Brief: Exact reproduction is required for the lines below starting at the line with "Spacious kitchen featuring" and ending at the line with "Indian Woman Having Back Pain at Work", both included. No other lines, and no pictures.

Entries shown:
■ ■ ■ ■ ■ ■ ■
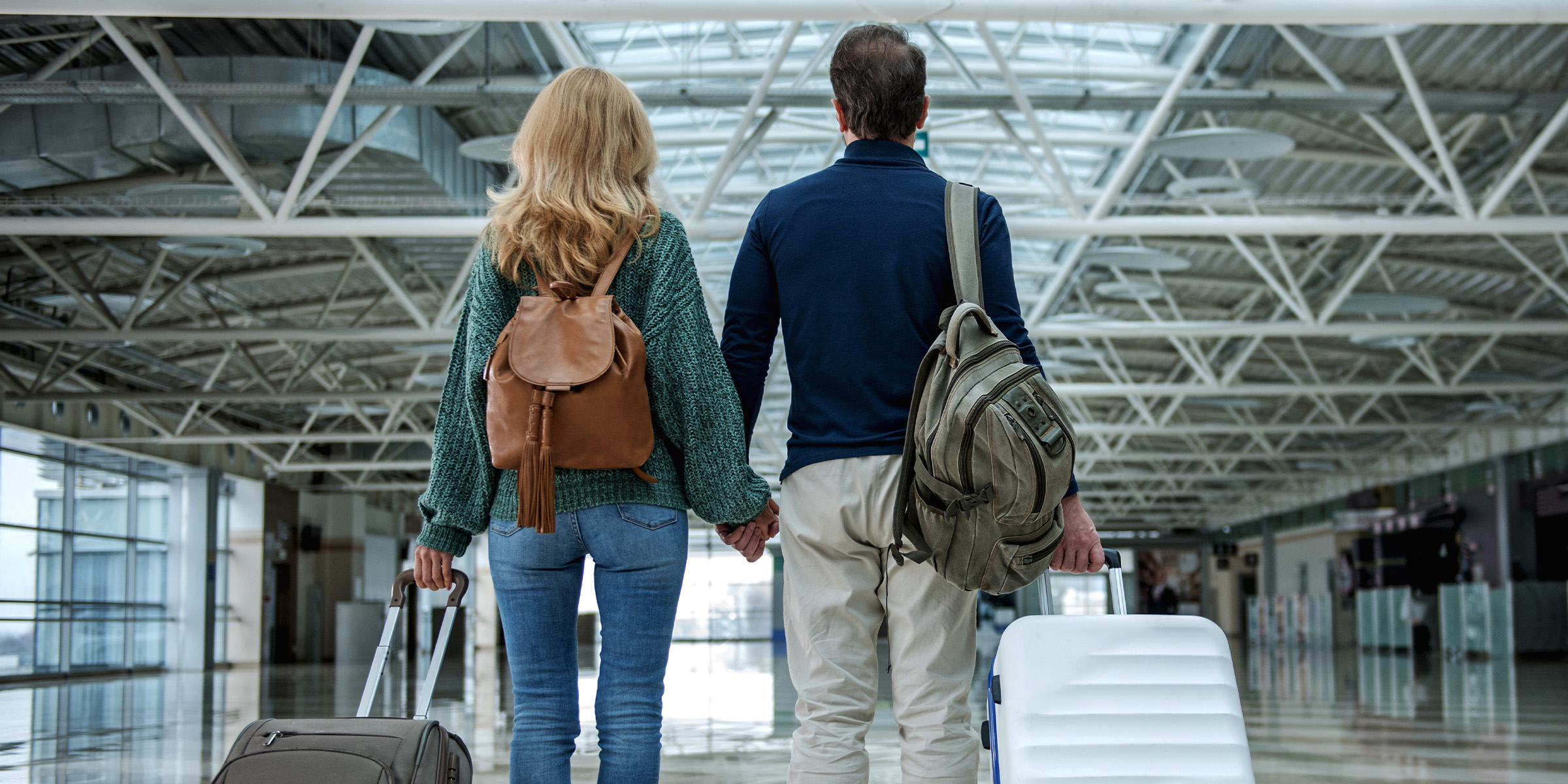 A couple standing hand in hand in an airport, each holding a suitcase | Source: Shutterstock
■ ■ ■ ■ ■ ■ ■
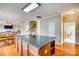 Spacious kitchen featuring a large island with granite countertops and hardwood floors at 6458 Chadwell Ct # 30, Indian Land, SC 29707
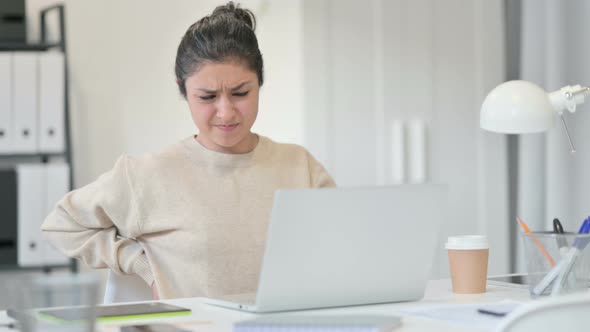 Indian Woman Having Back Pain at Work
■ ■ ■ ■ ■ ■ ■
Response area:
 Spacious kitchen featuring a large island with granite countertops and hardwood floors at 6458 Chadwell Ct # 30, Indian Land, SC 29707
 Indian Woman Having Back Pain at Work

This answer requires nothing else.